Caelan Doris will win his first cap in Ireland’s opening Six Nations match against Scotland at the Aviva stadium on Saturday, recognition of his superb form for Leinster this season and the qualities that he will bring to the test arena.

It didn’t require the foresight of a soothsayer to predict the ascent of the 21-year-old number eight to international rugby as his ability has long since flagged that notion; a precocious talent that hugged tightly to a remarkable overachieving arc since his schooldays at Blackrock College.

Born in the hamlet of Lacken, north Mayo, a few miles from the village of Kilalla, and a further 20-minutes from the town of Ballina he was educated at the local primary school. There were two people in his class and 35 in total; culturally the move to Blackrock as a boarder at the behest of his Dublin born parents - his father Chris went there - would have taken a little acclimatisation.

Having been introduced to rugby at Ballina RFC, Doris spent five years on cup teams in Blackrock, two on the JCT and three on the SCT. He was just two months overage for the Junior team when he played as a 15-year-old on the Senior team in fourth year, an impressive achievement physically, especially for a forward.

His granny lived close to Donnybrook and he recalled the sounds of rugby being played there from his childhood.
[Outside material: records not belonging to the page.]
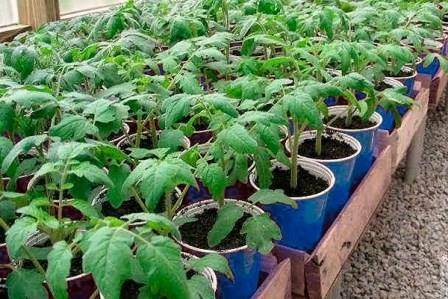 Секреты подкормки рассады томатов и перцев дрожжами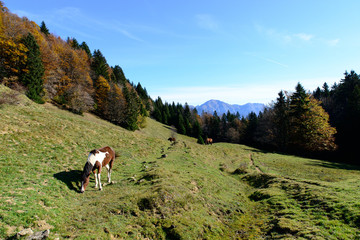 Fototapeta na wymiar horses in the mountain pastures to the season of autumn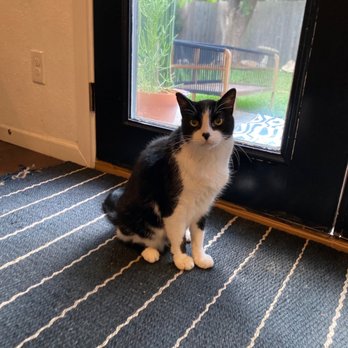 Austin Humane Society - O - Animal Shelters Near Me - Austin, Texas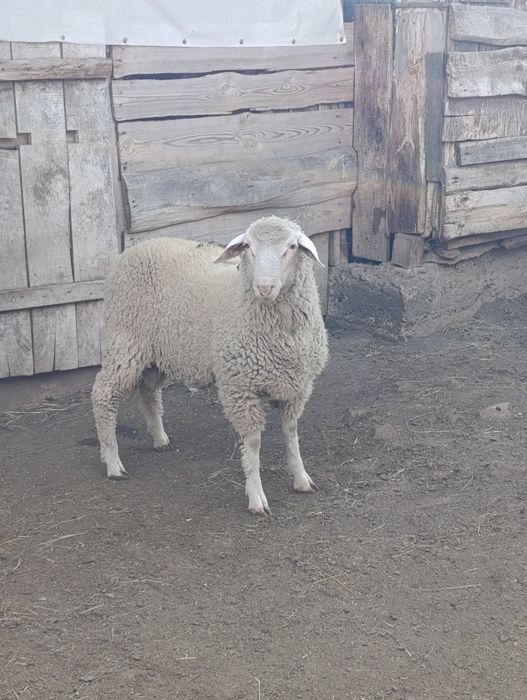 Продам 3 вівці на м'ясо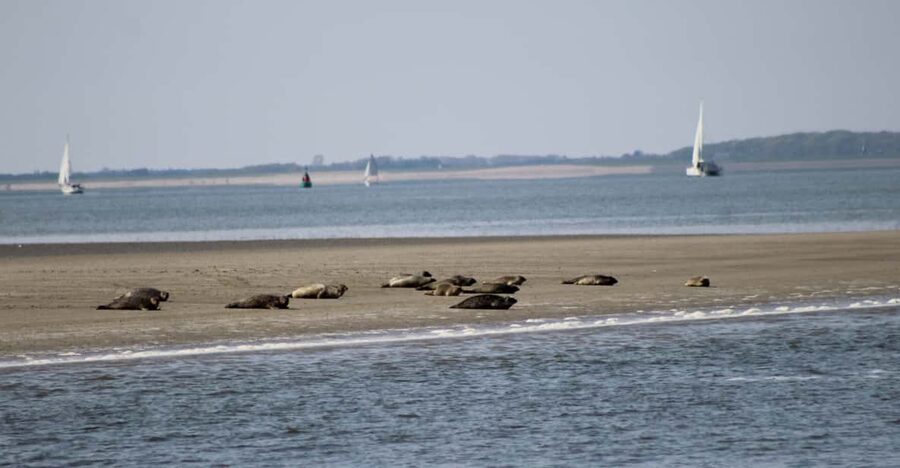 Amsterdam: Half-Day Seal Safari at Waddensea UNESCO Site - Why the Wadden Sea matters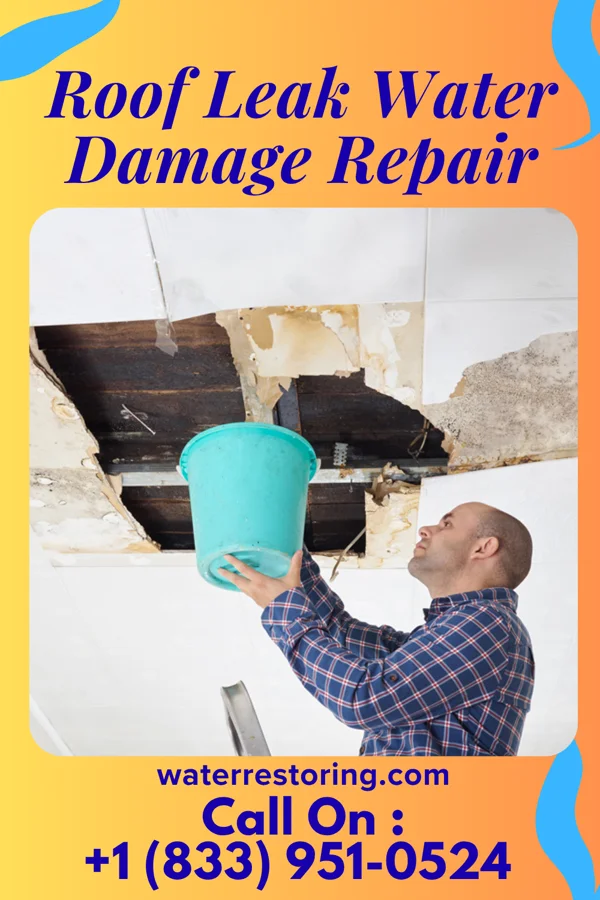 Roof Leak Water Damage Repair in Rochester, WI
He also explained in an interview with the Sunday Independent how his father, while artist in residence with the Mayo County Council, spent 40 days and nights at the top of Croagh Patrick interviewing pilgrims as part of a ‘social sculpture’.

He explained: “Yeah, he’ll kill me for not knowing this: it was a kind of conceptual art thing. He’s done a few different things like that. I can’t think of the right word for it. My mother carried me up so I was obviously pretty small. I actually don’t know too much about it other than that he spent 40 days and 40 nights up there. Don’t know what he really did up there, how he got his food or anything.”

He raced through the representative pathway, Leinster and Ireland Schools, culminating in two years on the Ireland Under-20 team - he first played an 18-year-old - the second as captain. He made his Leinster senior debut against Connacht in April, 2018 and has since gone on to make 29 appearances, starting four of Leinster’s Champions Cup pool matches this season in the absence of the injured Jack Conan.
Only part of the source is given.